[Dataset records — start]

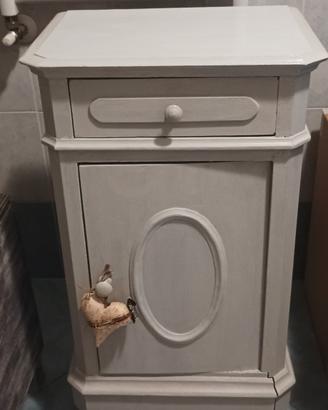 comodino shabby 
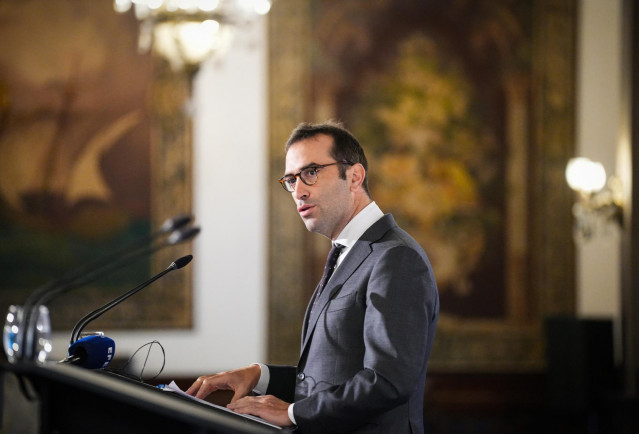 El ministro de Economía, Comercio y Empresa, Carlos Cuerpo (i), durante su intervención en un desayuno-coloquio sobre la situación de la economía en España. A 13 de septiembre de 2024, en Sevilla (Andalucía, España). El ministro de Economía, Comercio y Em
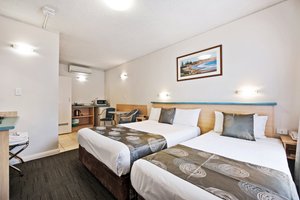 Room & Suite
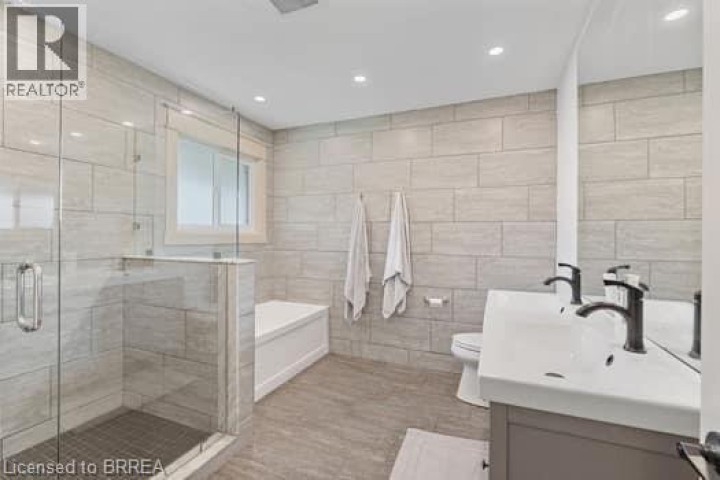 Photo 29 at 10 Stymie Boulevard, Brantford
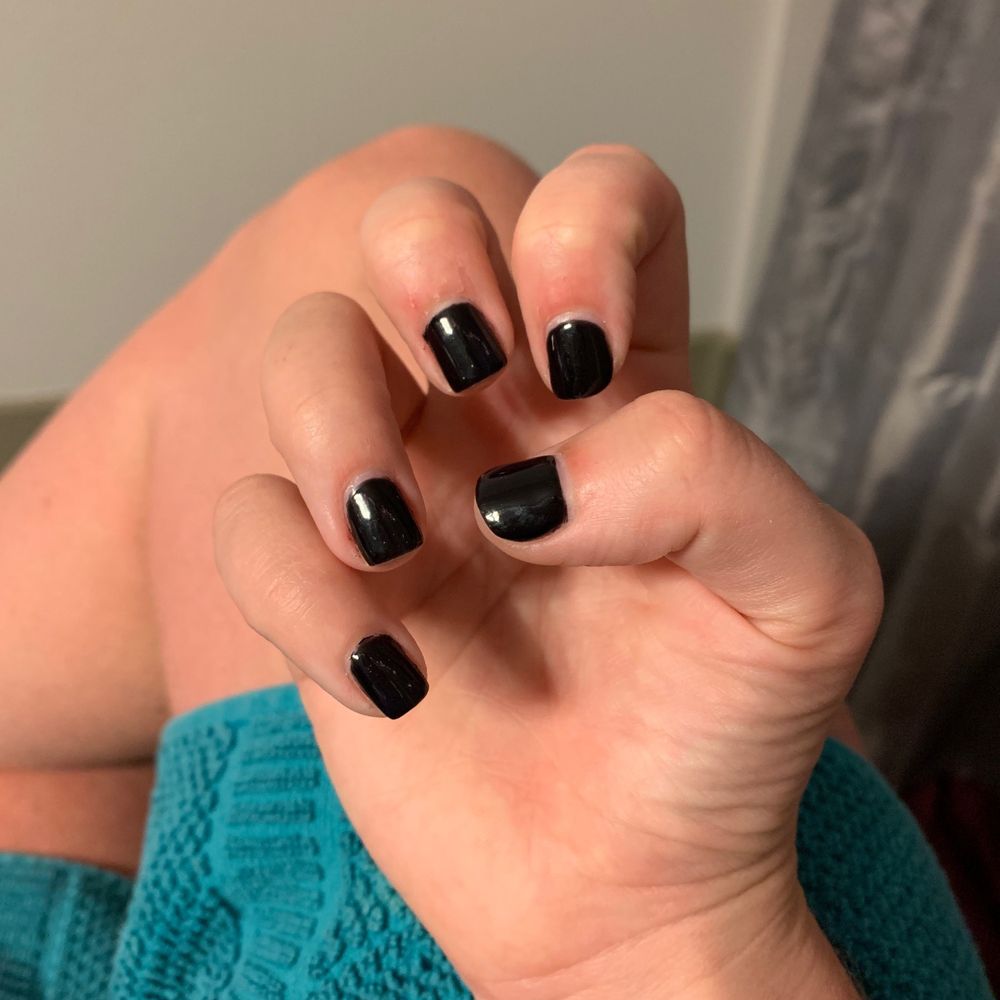 Venture Nails Spa - Pinky nail looks like sh*t, index cuticle wasn't even pushed back - Nail Salons Near Me - Round Rock, Texas Venture Nails Spa - Pinky nail looks like sh*t, index cuticle wasn't even pushed back - Nail Salons Near Me - Round Rock, Texas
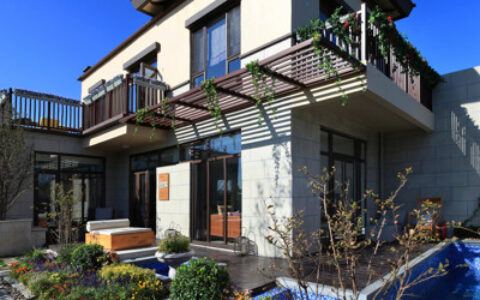 投资锦囊第三发：90后小伙回农村“卖别墅”，1年暴赚200万！他的诀窍在哪里？（卖别墅一般几个点）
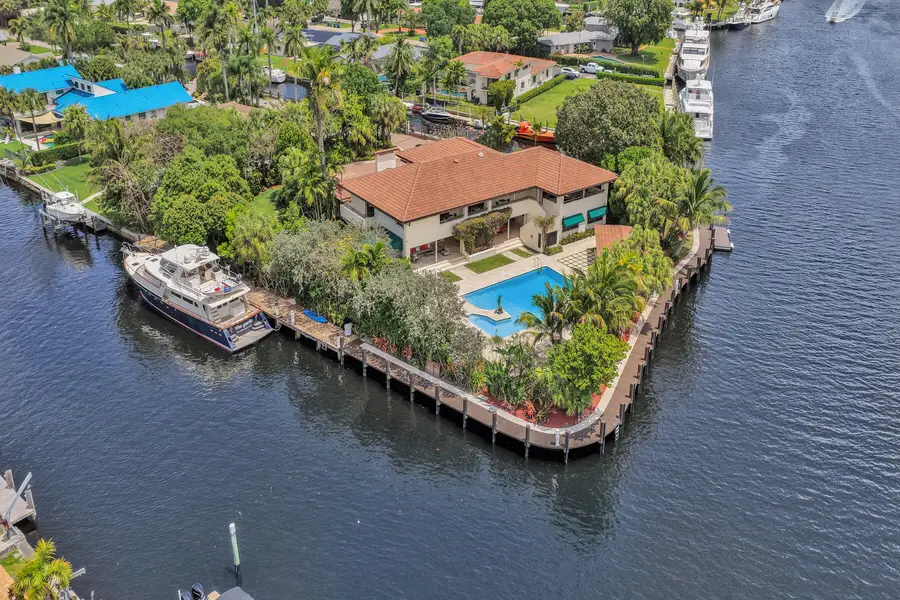2441 SW 28th Avenue, Fort Lauderdale, FL 33312 - #2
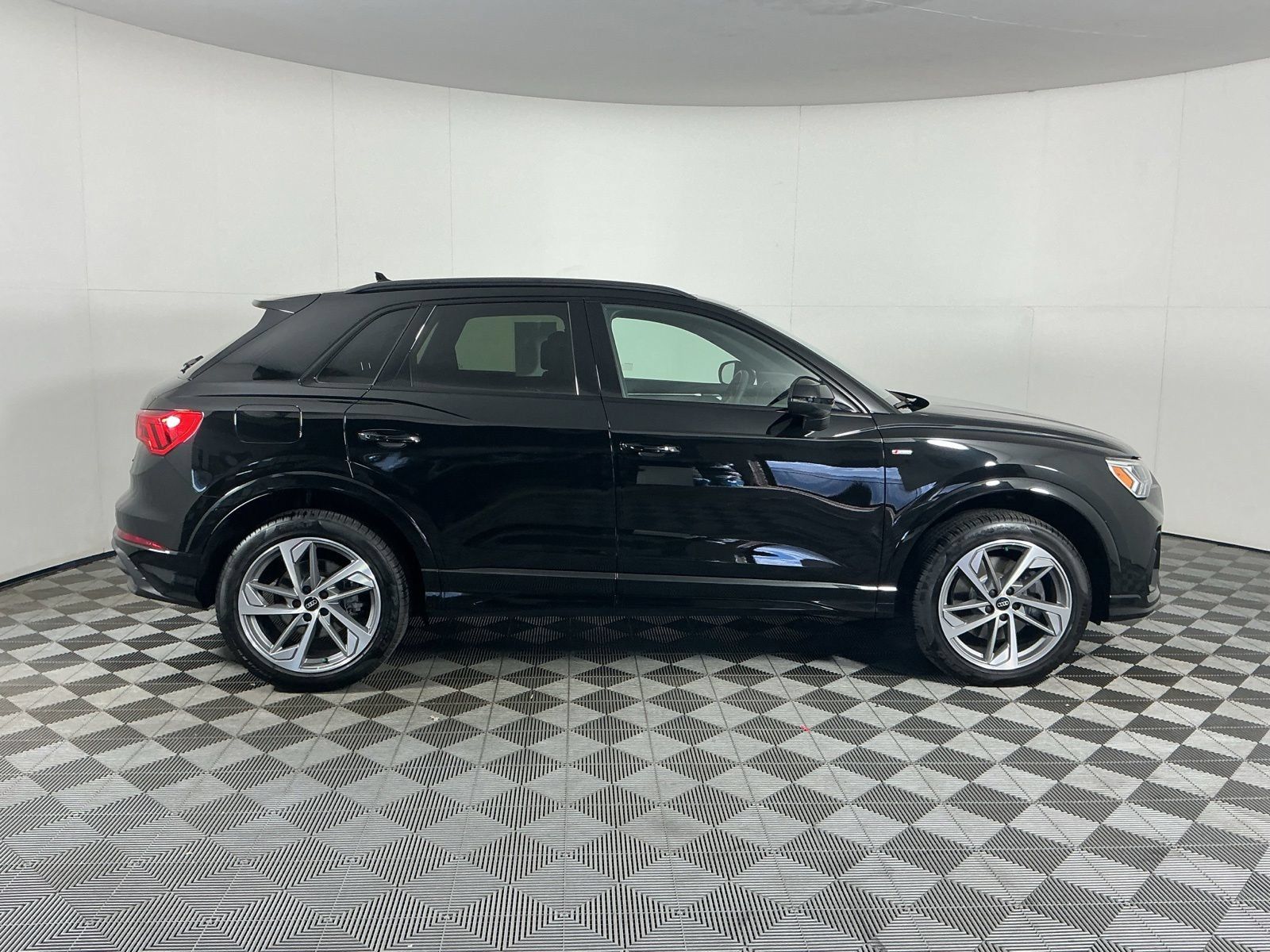 Used 2025 Audi Q3 2.0T Premium AWD/4WD image 9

[Dataset records — finish]

» Directions for this task
Without copying any picture, repeat all of the entries exactly.

» Answer to the problem
 comodino shabby 
 El ministro de Economía, Comercio y Empresa, Carlos Cuerpo (i), durante su intervención en un desayuno-coloquio sobre la situación de la economía en España. A 13 de septiembre de 2024, en Sevilla (Andalucía, España). El ministro de Economía, Comercio y Em
 Room & Suite
 Photo 29 at 10 Stymie Boulevard, Brantford
 Venture Nails Spa - Pinky nail looks like sh*t, index cuticle wasn't even pushed back - Nail Salons Near Me - Round Rock, Texas Venture Nails Spa - Pinky nail looks like sh*t, index cuticle wasn't even pushed back - Nail Salons Near Me - Round Rock, Texas
 投资锦囊第三发：90后小伙回农村“卖别墅”，1年暴赚200万！他的诀窍在哪里？（卖别墅一般几个点）
2441 SW 28th Avenue, Fort Lauderdale, FL 33312 - #2
 Used 2025 Audi Q3 2.0T Premium AWD/4WD image 9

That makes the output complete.